--- Information supplied ---
Start of Block

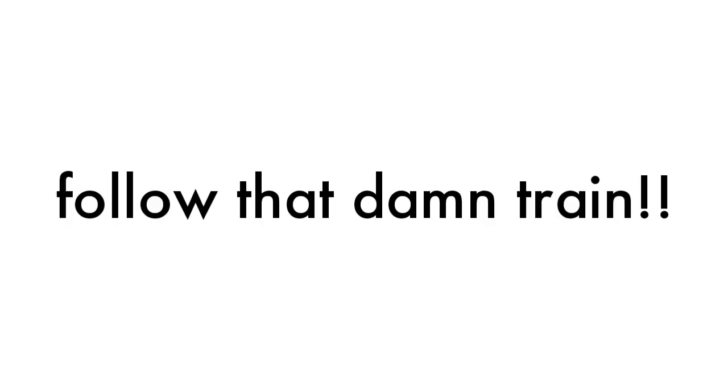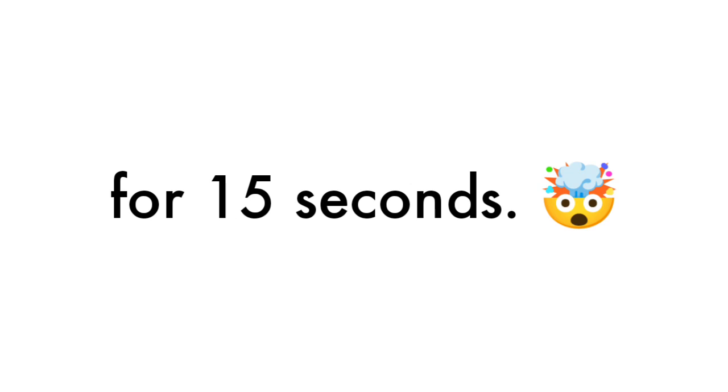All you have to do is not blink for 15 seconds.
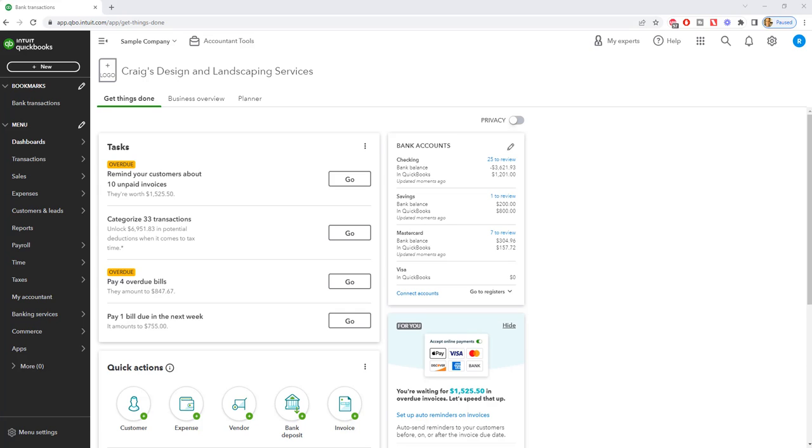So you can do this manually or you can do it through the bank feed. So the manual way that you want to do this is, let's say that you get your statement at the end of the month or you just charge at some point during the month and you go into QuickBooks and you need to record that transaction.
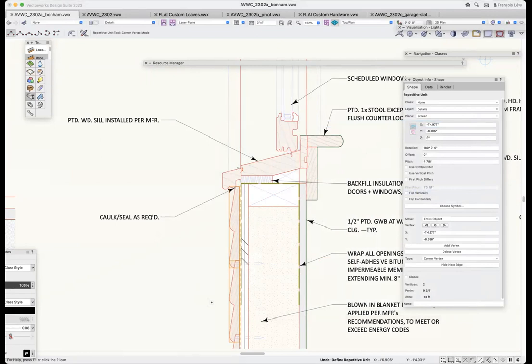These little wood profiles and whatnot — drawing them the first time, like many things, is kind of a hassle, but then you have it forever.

End of Block
Start of Block

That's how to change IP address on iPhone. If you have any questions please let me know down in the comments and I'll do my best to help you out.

End of Block

--- Directions ---
Look back over the records above. Reproduce exactly everything from the line with "So you can do" down to the line with "These little wood", inclusive, and leave the pictures out.

--- Exercise response ---
So you can do this manually or you can do it through the bank feed. So the manual way that you want to do this is, let's say that you get your statement at the end of the month or you just charge at some point during the month and you go into QuickBooks and you need to record that transaction.
These little wood profiles and whatnot — drawing them the first time, like many things, is kind of a hassle, but then you have it forever.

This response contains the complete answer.